• _Work instructions_
Work out how many lines of the data below hold the string "thin". Answer with that number alone.

• _Data for review_
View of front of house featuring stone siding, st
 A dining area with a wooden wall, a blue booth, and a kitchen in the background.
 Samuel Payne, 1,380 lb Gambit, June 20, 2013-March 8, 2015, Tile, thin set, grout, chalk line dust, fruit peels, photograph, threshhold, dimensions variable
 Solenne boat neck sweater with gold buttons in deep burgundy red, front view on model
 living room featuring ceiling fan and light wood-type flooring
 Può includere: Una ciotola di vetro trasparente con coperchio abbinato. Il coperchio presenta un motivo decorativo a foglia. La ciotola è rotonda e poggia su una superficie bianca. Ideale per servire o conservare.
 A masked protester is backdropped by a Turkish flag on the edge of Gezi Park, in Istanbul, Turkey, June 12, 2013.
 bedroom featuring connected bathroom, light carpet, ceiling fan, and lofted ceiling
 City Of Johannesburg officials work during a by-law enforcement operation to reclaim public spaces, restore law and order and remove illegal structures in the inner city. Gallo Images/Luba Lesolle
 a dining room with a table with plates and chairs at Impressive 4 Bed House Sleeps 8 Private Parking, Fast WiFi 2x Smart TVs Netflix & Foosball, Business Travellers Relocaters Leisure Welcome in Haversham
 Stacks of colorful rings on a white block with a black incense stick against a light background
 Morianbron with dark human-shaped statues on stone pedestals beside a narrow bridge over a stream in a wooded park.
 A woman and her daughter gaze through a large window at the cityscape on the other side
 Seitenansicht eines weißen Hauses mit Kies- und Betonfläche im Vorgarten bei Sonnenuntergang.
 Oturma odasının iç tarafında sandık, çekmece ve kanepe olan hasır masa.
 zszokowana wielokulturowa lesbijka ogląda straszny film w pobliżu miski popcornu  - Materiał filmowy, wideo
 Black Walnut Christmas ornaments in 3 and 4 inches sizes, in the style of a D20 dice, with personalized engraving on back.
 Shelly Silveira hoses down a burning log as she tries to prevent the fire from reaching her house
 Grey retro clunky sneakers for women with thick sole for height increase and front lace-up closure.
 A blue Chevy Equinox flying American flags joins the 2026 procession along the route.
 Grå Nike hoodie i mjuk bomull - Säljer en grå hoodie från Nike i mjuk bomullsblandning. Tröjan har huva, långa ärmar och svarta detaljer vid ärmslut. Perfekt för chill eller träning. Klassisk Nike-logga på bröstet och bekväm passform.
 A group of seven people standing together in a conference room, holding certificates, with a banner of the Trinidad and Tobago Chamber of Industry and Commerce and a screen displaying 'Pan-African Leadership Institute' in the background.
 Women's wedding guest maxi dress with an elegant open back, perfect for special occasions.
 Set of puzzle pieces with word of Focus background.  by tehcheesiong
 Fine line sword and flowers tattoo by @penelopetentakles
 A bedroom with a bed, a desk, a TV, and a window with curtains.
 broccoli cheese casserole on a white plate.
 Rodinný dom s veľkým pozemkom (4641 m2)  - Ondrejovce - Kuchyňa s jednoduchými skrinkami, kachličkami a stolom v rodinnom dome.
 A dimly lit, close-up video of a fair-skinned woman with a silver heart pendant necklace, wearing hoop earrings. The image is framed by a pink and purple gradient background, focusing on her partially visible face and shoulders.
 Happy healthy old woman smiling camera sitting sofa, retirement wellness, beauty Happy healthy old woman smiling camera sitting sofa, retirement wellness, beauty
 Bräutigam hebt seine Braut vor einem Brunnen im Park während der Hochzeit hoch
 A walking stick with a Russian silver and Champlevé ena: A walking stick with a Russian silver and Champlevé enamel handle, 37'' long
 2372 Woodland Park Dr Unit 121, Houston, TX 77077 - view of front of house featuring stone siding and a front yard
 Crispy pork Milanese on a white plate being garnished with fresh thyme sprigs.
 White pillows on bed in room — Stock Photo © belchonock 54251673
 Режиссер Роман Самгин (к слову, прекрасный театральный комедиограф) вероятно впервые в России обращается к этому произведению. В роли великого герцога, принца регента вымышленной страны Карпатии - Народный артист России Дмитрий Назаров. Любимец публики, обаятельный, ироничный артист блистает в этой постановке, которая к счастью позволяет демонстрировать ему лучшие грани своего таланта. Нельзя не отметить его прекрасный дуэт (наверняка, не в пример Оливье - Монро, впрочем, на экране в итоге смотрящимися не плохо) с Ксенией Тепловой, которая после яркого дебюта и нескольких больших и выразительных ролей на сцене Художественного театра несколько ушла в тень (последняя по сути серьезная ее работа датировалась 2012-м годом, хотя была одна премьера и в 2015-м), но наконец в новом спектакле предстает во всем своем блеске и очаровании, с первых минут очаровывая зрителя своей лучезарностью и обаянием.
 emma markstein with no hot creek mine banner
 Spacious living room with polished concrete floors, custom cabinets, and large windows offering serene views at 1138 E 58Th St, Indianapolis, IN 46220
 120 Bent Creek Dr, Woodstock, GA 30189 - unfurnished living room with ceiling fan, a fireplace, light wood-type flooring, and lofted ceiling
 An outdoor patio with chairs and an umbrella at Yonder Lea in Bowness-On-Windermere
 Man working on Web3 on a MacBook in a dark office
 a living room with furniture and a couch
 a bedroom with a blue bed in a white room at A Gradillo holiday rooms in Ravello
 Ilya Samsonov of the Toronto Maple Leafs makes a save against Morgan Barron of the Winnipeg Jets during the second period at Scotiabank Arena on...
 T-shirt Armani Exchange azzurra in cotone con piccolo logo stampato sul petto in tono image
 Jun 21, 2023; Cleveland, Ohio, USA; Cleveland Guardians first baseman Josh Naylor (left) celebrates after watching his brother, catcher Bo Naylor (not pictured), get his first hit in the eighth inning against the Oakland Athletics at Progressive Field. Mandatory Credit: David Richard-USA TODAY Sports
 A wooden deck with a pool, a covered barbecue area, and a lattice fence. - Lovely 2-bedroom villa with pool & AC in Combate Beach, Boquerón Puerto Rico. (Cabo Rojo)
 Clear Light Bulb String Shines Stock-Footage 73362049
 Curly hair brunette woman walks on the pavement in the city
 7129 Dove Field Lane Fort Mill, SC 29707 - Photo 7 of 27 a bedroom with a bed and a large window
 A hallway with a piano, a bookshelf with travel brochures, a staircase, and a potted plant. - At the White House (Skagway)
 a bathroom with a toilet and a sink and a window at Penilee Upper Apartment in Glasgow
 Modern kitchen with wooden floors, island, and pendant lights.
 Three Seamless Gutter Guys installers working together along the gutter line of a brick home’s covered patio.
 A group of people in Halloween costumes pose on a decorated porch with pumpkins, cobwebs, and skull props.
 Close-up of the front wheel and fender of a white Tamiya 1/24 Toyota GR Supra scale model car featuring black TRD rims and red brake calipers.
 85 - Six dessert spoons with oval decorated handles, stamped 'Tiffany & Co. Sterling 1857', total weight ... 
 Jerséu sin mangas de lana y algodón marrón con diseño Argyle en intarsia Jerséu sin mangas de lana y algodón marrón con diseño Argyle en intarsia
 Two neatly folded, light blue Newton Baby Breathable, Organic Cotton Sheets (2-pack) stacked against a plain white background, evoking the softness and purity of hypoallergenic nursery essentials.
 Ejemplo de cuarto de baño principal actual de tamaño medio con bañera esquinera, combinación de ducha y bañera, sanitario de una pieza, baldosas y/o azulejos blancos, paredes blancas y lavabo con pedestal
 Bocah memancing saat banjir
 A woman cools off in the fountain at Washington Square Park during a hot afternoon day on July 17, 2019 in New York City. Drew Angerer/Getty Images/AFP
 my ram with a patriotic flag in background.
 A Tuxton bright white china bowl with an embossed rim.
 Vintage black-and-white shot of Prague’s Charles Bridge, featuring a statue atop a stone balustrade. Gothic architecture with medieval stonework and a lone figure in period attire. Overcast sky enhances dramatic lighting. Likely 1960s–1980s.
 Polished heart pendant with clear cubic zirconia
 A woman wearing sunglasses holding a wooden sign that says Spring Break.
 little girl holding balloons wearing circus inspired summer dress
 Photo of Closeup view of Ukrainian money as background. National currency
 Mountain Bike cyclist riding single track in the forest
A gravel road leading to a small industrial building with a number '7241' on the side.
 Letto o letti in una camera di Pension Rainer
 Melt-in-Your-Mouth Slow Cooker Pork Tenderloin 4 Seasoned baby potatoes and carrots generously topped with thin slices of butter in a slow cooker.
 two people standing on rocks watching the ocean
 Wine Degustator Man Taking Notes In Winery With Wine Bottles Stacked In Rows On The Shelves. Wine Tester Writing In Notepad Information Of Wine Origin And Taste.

• _Expected output_
2